What Does the Research Actually Say About Homework?

Homework is one of education's most contested topics. On one side: parents and teachers who believe practice outside school is essential for learning and academic development. On the other: researchers and reformers who argue that homework — especially excessive homework — produces stress, family conflict, and little academic benefit. Both sides are drawing on real evidence, partially.

The honest picture is more nuanced than either camp typically acknowledges, and the nuance matters for how teachers design homework assignments.

What the Research Actually Shows

The most rigorous synthesis of homework research (Harris Cooper's meta-analyses, among others) finds a consistent pattern by grade level:

High school: Moderate positive relationship between homework and academic achievement. Students who do homework generally perform better on tests and grades than students who don't.

Middle school: Weaker positive relationship. Some benefit, but the effect size is smaller than at the high school level.

Elementary school: Little to no relationship between homework and academic achievement. The research consistently finds that homework assigned to elementary-age students produces minimal academic benefit compared to what that time would produce through other activities — play, family time, reading for pleasure.

This doesn't mean all homework is bad. It means homework's value depends heavily on grade level, assignment design, and what it replaces.

When Homework Helps and When It Doesn't

The research distinguishes between types of homework:

Homework that works: Practice of skills already taught and understood, applied to new examples. Reading for sustained engagement and comprehension. Long-term projects with meaningful work occurring in small chunks over time.
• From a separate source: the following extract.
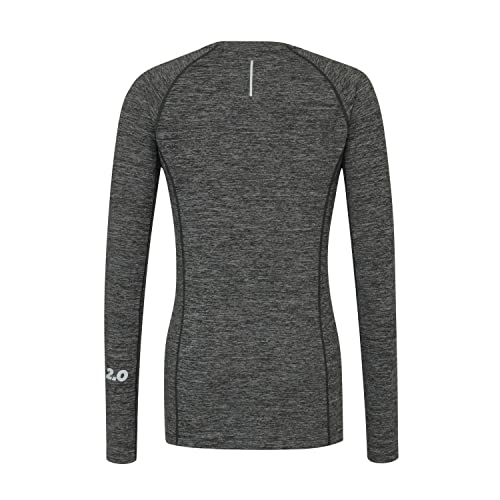 New Balance Women's 2.0 Soft Long Sleeve Base Layer Top With Thumbhole, Dark Heather Grey, Small #TOP1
Pre-reading or background building that activates prior knowledge for the next day's lesson.

Homework that doesn't work: Homework assigned primarily for accountability (to show students did something) rather than learning. Homework that introduces new concepts without instruction — students working on material they haven't learned produces error practice rather than skill building. Busywork that requires time without producing thinking.

Homework that harms: Homework that's consistently too much, producing chronic sleep deprivation, especially in adolescents whose sleep needs are high and whose natural sleep rhythms conflict with early school start times. Homework that is inaccessible to students because of limited home resources, language barriers, or family circumstances that don't allow for quiet study time.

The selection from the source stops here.